Data in this exercise Block Start
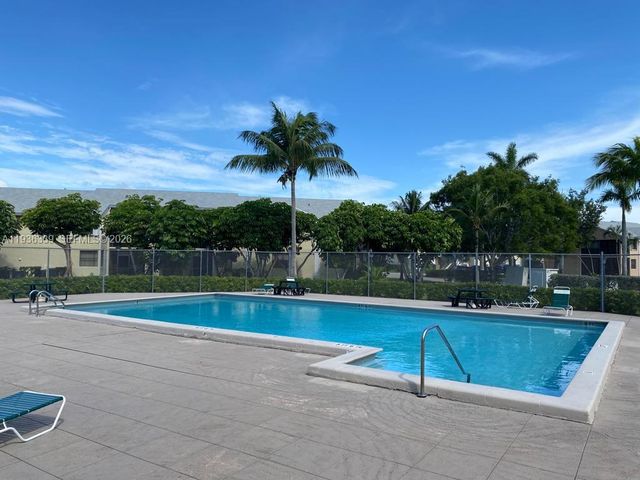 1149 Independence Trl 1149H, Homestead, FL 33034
Data in this exercise Block End
Data in this exercise Block Start
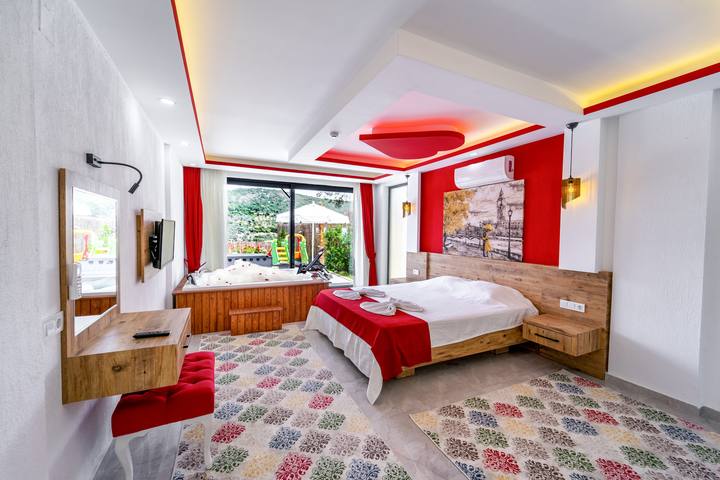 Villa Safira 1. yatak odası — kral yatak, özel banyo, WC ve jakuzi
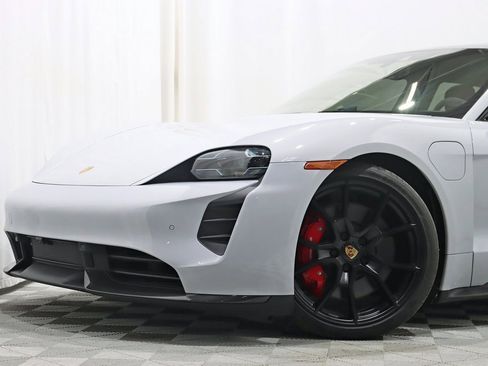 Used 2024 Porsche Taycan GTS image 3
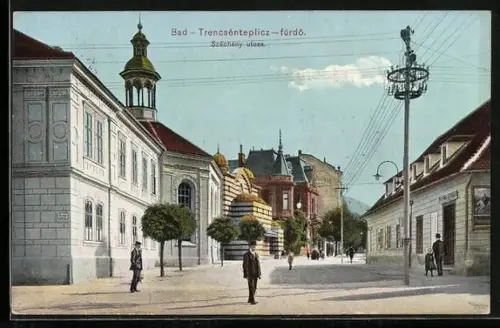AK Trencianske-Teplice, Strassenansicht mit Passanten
Data in this exercise Block End
● Instructions for the task
The material above holds pictures; leave them out and set down exactly the lines from the line with "Villa Safira 1." to the line with "AK Trencianske-Teplice, Strassenansicht", both included.

● Response for this exercise
 Villa Safira 1. yatak odası — kral yatak, özel banyo, WC ve jakuzi
 Used 2024 Porsche Taycan GTS image 3
AK Trencianske-Teplice, Strassenansicht mit Passanten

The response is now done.